Ashley McClay is marketing director for Putnam. She lives in Jackson Heights with her husband and a tiny, very loud black cat who is constantly trying to gnaw her way-too-large home library to shreds.
Okay, I’m starting off my list with a few geopolitical thrillers. When I was younger, I wanted to be a spy–and while for some reason that never really came to fruition, it totally informs my reading tastes now. (Message to the CIA: if you do happen to be looking for publishing industry professionals with so-so schoolgirl French and the ability to run a mile in ten minutes or sometimes very slightly less, I am available on nights and weekends.)
Todd Moss, formerly the deputy assistant secretary of state, now the COO at the Center for Global Development, has all of the real-life experience needed to make his novels completely gripping, and, at the same time, totally realistic. His latest, Minute Zero, follows Judd Ryker, former professor and now state department advisor, as he tries to take advantage of a brief moment of chaos to change the course of world events. It’s smart, fast-paced, and totally impossible to put down. And the end left me pacing through the office, counting down the moments until the next book to arrives.
Next up: another thriller in a very similar vein. If you’re into shows like Homeland (and if you, like me, are kind of suffering from Homeland-withdrawal at the moment), you will love Matthew Palmer’s books, guaranteed. I’m kind of cheating here, because this one isn’t actually out for a little while.
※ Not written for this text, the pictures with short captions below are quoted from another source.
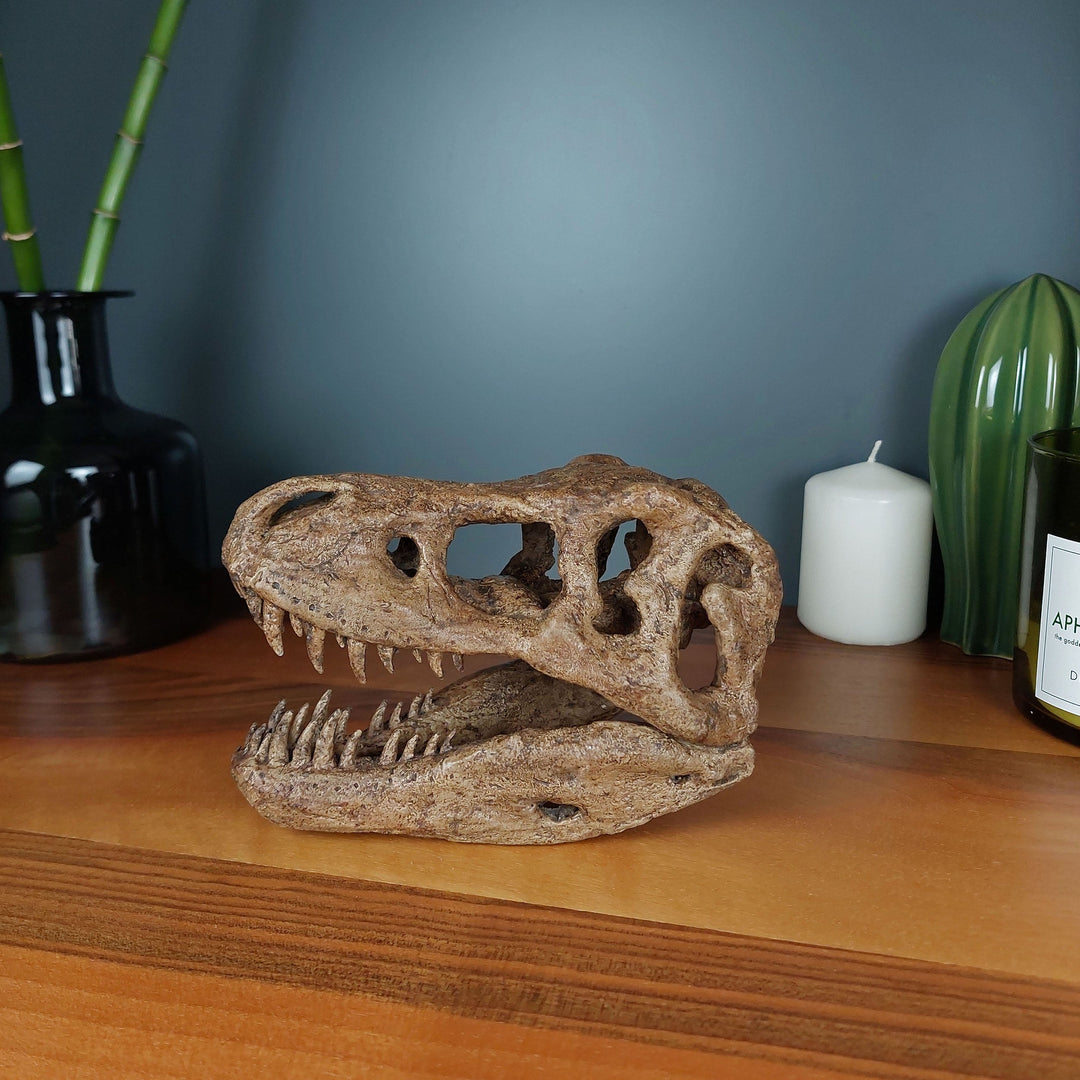 T-Rex Mini Seramik Heykel-Heykel-The Fossil Art-NowShopFun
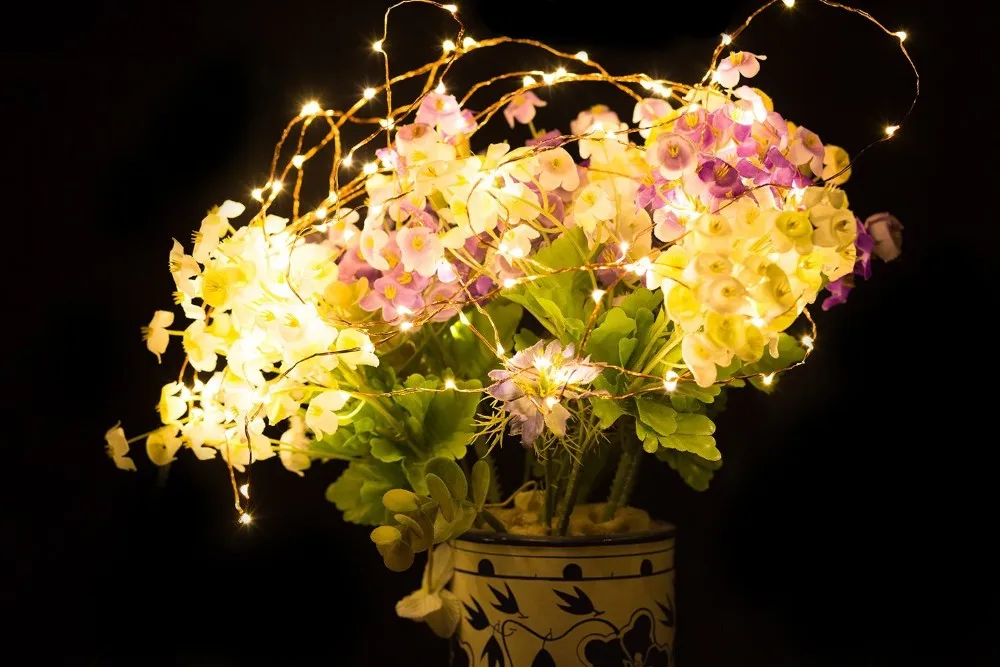 装飾的なledツリーフラワーライト花瓶ライト休日の装飾用led銅線ストリングライト Buy 屋内ライト 銅線ライト クリスマスライト Product On Alibaba Com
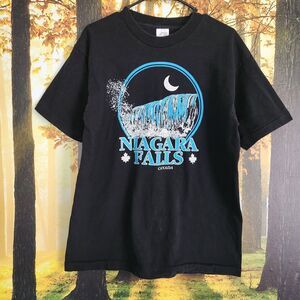 VTG Single Stitch Niagara Falls Made In Canada Shirt Size L 80s Tourist Garb Top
But trust me when I say that you should be lining up at your local bookstore for The Wolf of Sarajevo on May 24th, because this book is that good. Set mainly in the Balkans, Palmer — another author with diplomatic chops (25 year veteran of the foreign service and a member of the Council on Foreign Relations)–takes the reader on a whirlwind tour through the labyrinthine politics of the Balkans. I was half reading, half shielding my eyes through some of the most tense scenes. If you like twists that come out of nowhere (and what suspense reader doesn’t?), get on board.
Now for a totally different kind of mystery – M. J. Carter’s The Strangler Vine. Set in colonial 19th century India, following the sometimes bumbling but always good-hearted Avery, and his very begrudging “partner” (and I use that term quite loosely), master-of-disguise Blake, this is a tour-de-force. The historical Indian setting is captivating by itself; combined with Blake and Avery’s investigation into the elusive Thugee cult, and the profound British corruption sweeping across the continent, it’s completely impossible to put down. And if you start reading now, you won’t have too long to wait for more: Carter’s sequel, The Infidel Stain, is out in March.
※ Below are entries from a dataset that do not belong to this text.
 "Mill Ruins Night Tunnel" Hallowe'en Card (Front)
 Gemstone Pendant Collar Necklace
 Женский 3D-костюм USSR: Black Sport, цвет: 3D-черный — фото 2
Last, but not least, Tana French’s In the Woods. Again, a completely different sort of book from the last three, but one of my all-time favorites. If you wrote in to the Penguin hotline looking for suspense this year and got me, I am sure I recommended this to you. French’s lyrical writing grabbed me from the very first few pages, and the mystery of what happened to three children deep in the woods of Ireland one night in the 1980s kept me riveted all the way through. Rob and Cassie, two detectives working a present-day murder in those same woods, are both wonderfully drawn characters, and the nuanced story of their relationship is every bit as absorbing as the mystery plot.